Lowri Roberts

Personal information
- Nationality: British (Welsh)
- Born: 18 October 1997 (age 28) Bodelwyddan, Wales

Sport
- Turned pro: 2015
- Retired: Active

Women's singles
- Highest ranking: No. 84 (March 2025)
- Current ranking: No. 87 (May 2024)
- Title: 2

Medal record
Squash
Representing Wales
European Team Championships
| Bronze medal – third place | 2017 Helsinki | Team |
| Silver medal – second place | 2022 Eindhoven | Team |
| Bronze medal – third place | 2023 Helsinki | Team |
| Bronze medal – third place | 2024 Uster | Team |
Welsh National Championships
| Gold medal – first place | 2023 | singles |

= Lowri Roberts =

Welsh squash player (born 1997)

Lowri Roberts (born 18 October 1997) is a Welsh professional squash player. As of May 2024, she was ranked number 87 in the world.

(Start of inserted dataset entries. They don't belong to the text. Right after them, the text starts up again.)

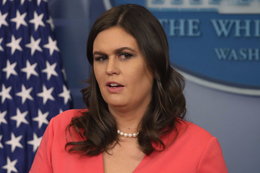 Sarah Huckabee Sanders forces White House reporters to say what they're thankful for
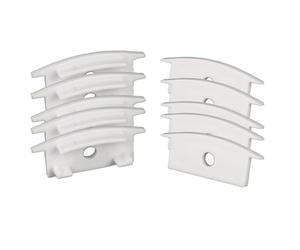 JANDEI - Coperchio Finale Profilo Studente da Incasso 23,3 x 9,7 mm, Confezione da 10 Pezzi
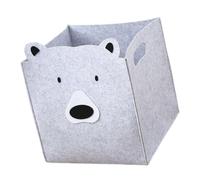 Gatuida Cesto de Fieltro Multiusos para Dormitorio con Gran Capacidad Organizador Portátil para Ropa Sucia Juguetes y Cesta Ligera y Fácil de Limpiar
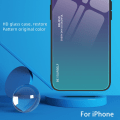 Pikkukuva 7 / 8: SKALO iPhone 15 Plus Gradientti karkaistu lasi TPU-suojakuori - Sininen Blue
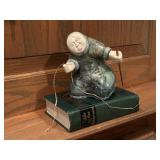 Inuit Hunting Figure by Ronald Pete Komok, Sculpture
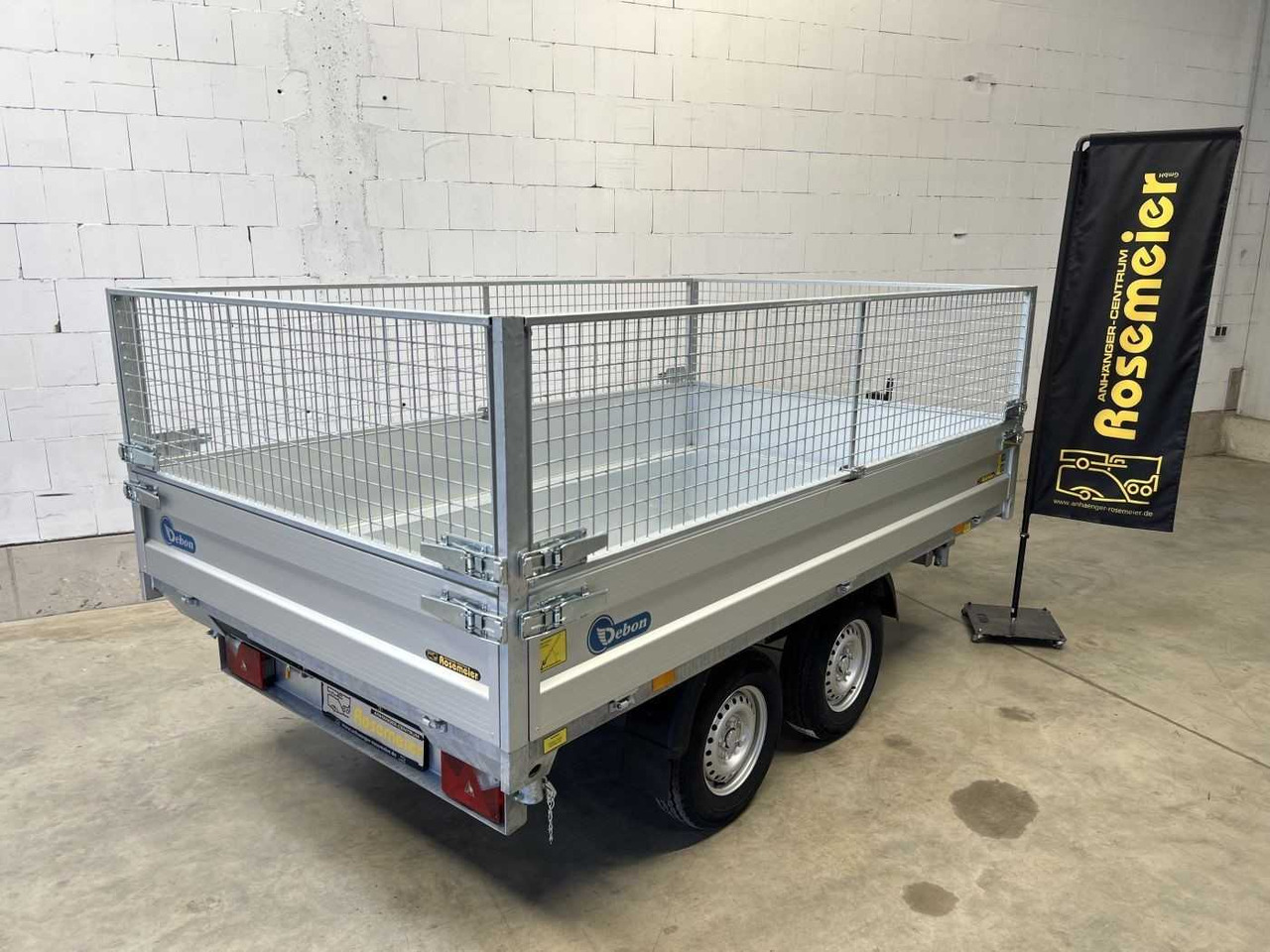 CHEVAL LIBERTE DEBON PW2.4E Basic Gitter Dreiseitenkipper - قلابة مقطورة: صور 4 CHEVAL LIBERTE DEBON PW2.4E Basic Gitter Dreiseitenkipper - قلابة مقطورة: صور 4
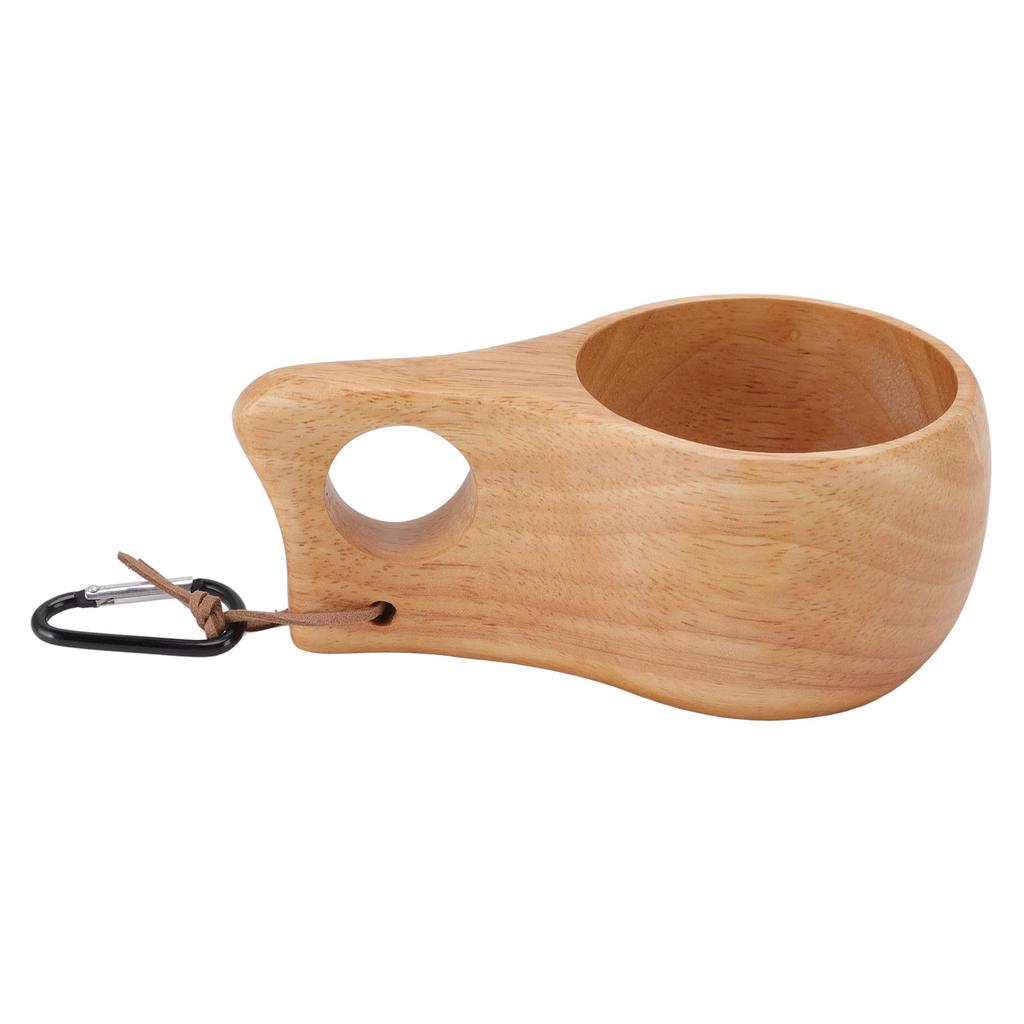 Wooden Cup Finland Style Handmade Natural Portable Mug Drinking Cup for Coffee Tea Milk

She reached a career high ranking of 84 in the world during March 2025.

== Biography ==
In 2023, Roberts became the Welsh champion after winning the title at the Welsh National Squash Championships.

In February 2026, Roberts won her second PSA title after securing victory in the St James Open during the 2025–26 PSA Squash Tour.